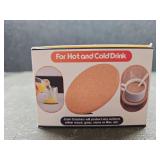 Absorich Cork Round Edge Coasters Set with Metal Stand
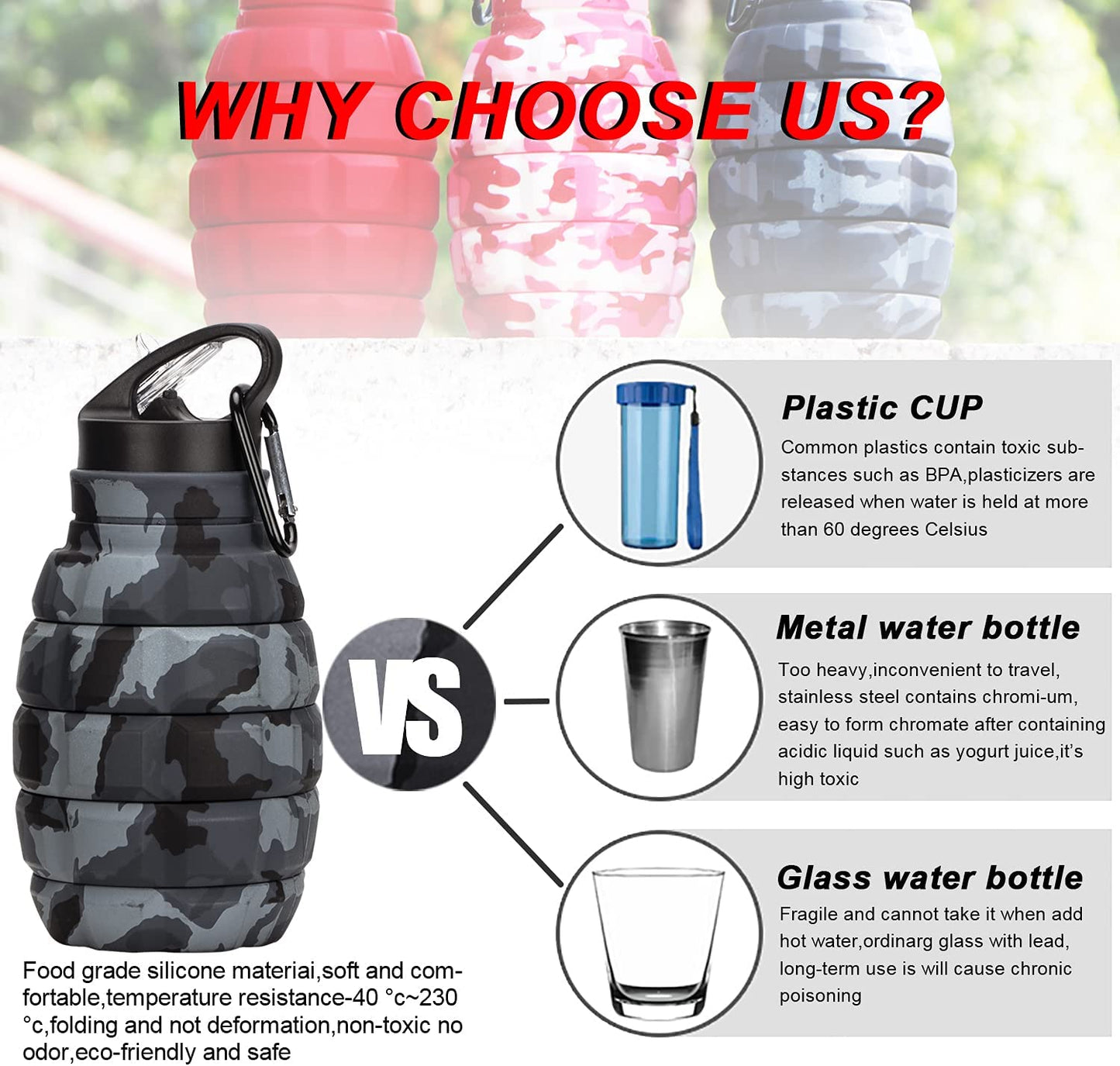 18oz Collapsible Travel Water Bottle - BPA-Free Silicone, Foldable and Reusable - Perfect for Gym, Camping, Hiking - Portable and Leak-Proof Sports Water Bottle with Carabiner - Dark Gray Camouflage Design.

· · · · ·

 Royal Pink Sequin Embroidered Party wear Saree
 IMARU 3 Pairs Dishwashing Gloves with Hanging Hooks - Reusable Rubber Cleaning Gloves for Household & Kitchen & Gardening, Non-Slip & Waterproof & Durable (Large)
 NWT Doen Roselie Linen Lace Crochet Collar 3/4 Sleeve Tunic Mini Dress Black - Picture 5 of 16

· · · · ·

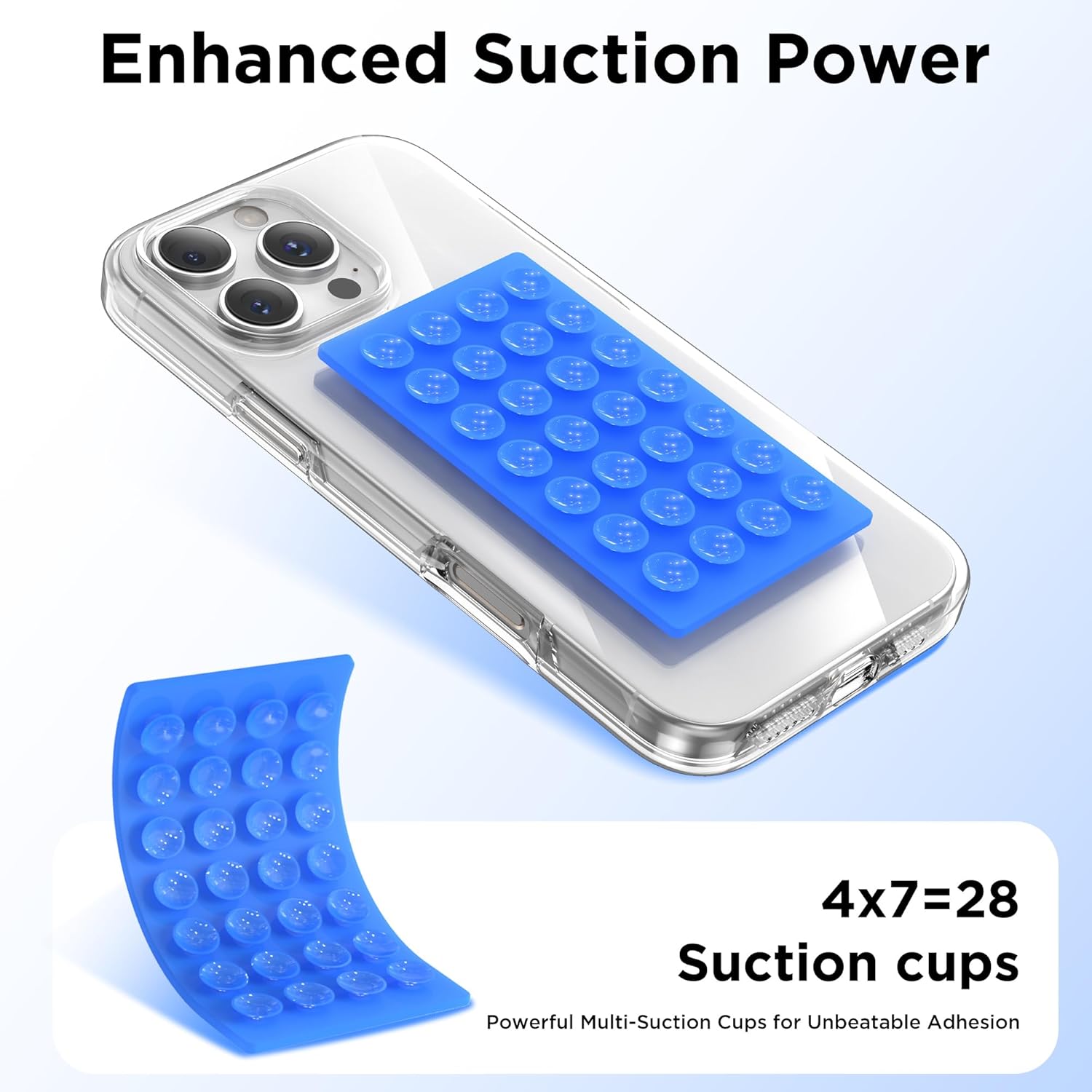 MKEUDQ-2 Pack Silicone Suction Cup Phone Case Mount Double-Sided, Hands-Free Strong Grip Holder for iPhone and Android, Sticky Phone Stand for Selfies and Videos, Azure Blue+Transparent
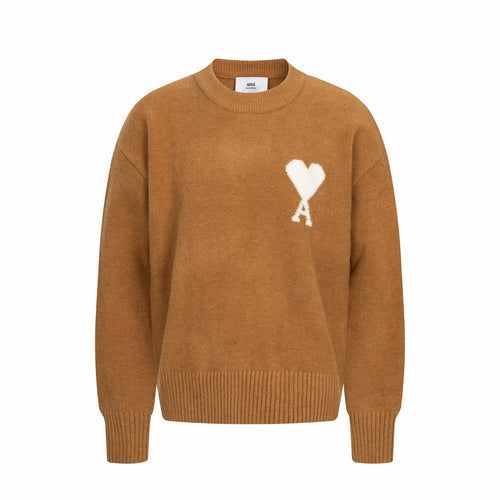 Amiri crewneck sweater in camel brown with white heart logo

· · · · ·

> _Exercise goal_:
Leaving all pictures out, output exactly the lines of the material above from the line with "Absorich Cork Round" to the line with "18oz Collapsible Travel", both included.

> _Solution below_:
 Absorich Cork Round Edge Coasters Set with Metal Stand
 18oz Collapsible Travel Water Bottle - BPA-Free Silicone, Foldable and Reusable - Perfect for Gym, Camping, Hiking - Portable and Leak-Proof Sports Water Bottle with Carabiner - Dark Gray Camouflage Design.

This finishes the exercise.